Durante uma entrevista concedida ao programa Bom Dia, Ministra, da Empresa Brasil de Comunicação, Márcia Lopes declarou que o pagamento da pensão é uma reparação mínima do Estado brasileiro. O auxílio busca ajudar crianças e adolescentes que perderam suas mães para o feminicídio e enfrentam dificuldades financeiras, muitas vezes tendo que depender de parentes sem condições de prover o necessário.
Publicado no Diário Oficial da União no fim de setembro, o decreto que cria essa pensão garante um salário mínimo mensal – atualmente, 1.518 reais – para menores de 18 anos que se tornaram órfãos em decorrência de feminicídio. O benefício está condicionado a uma renda familiar mensal per capita inferior ou igual a 25% do salário mínimo. Caso a vítima deixe mais de um dependente, a pensão será dividida entre todos.
"De fato, é muito trágico. Crianças, adolescentes, jovens até 18 anos perderem a mãe por feminicídio e, às vezes, terem que viver com a avó ou com alguns parentes, mas sem nenhum tipo de renda."
Além disso, filhos de mulheres transgênero vítimas de feminicídio também têm direito ao benefício, inclusive órfãos sob tutela do Estado. A pensão não poderá ser acumulada com outros benefícios previdenciários de diferentes regimes, como o Regime Geral de Previdência Social (RGPS), Regimes Próprios de Previdência Social (RPPS) ou o sistema de proteção social dos militares.

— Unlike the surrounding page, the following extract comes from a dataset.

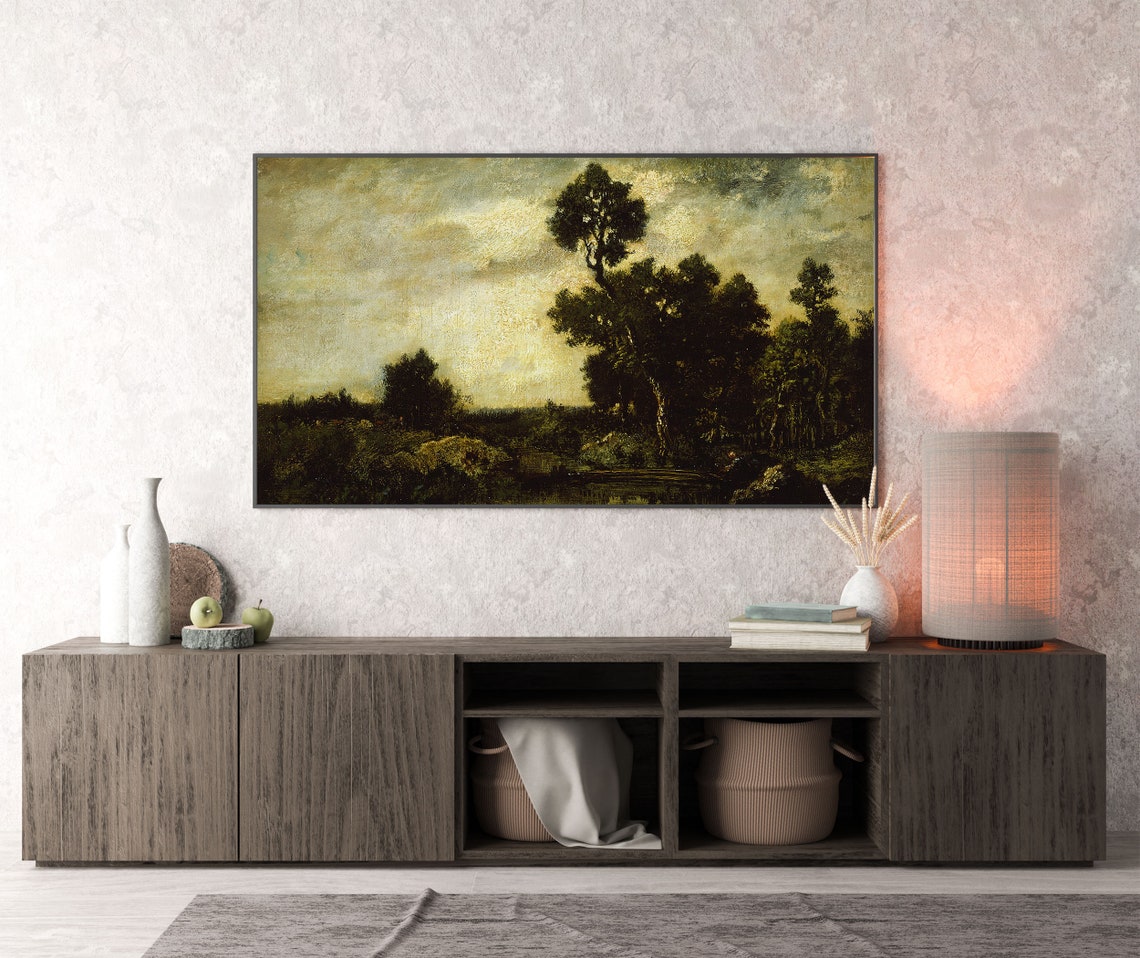 Moody Vintage Landscape with a Tall Lone Tree at Dusk Poster - Image 4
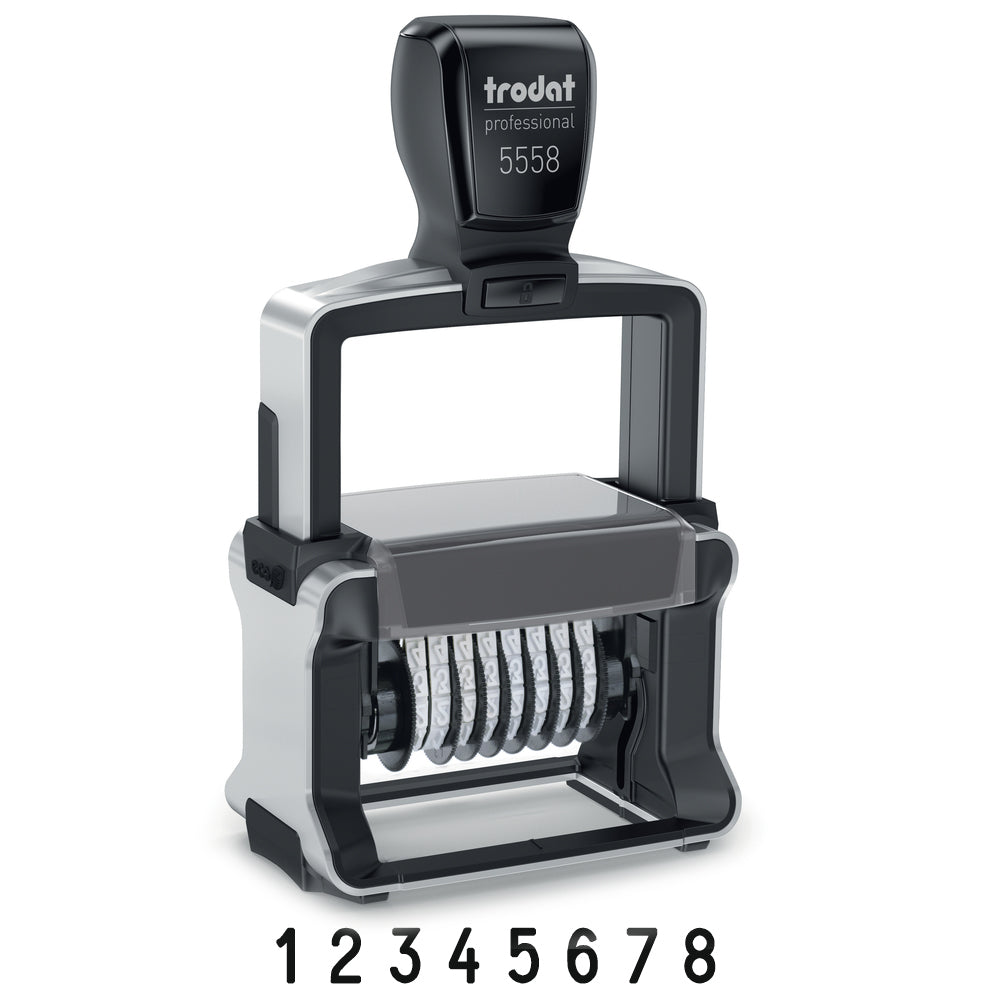 Trodat 5558 Self Inking Number Stamp - 5mm 8 Numbers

O pedido da pensão especial deve ser feito pelo representante legal dos menores. Importante notar que indivíduos envolvidos no feminicídio não podem administrar o benefício. O INSS, encarregado pelo processamento das solicitações, trabalhará junto a unidades socioassistenciais para orientar as famílias sobre a atualização dos dados no Cadastro Único para Programas Sociais (CadÚnico), necessário para a concessão.
A pensão será revisada a cada dois anos para verificar a manutenção das condições que justificam a sua concessão.
O pagamento será devido a partir do momento do requerimento, sem efeitos retroativos à data de falecimento da vítima. Para formalizar o pedido, é preciso apresentar uma identificação oficial com foto do menor ou, se não houver, a certidão de nascimento. Documentos que comprovem a ocorrência de feminicídio, como autos de prisão, denúncias ou decisões judiciais, devem ser incluídos.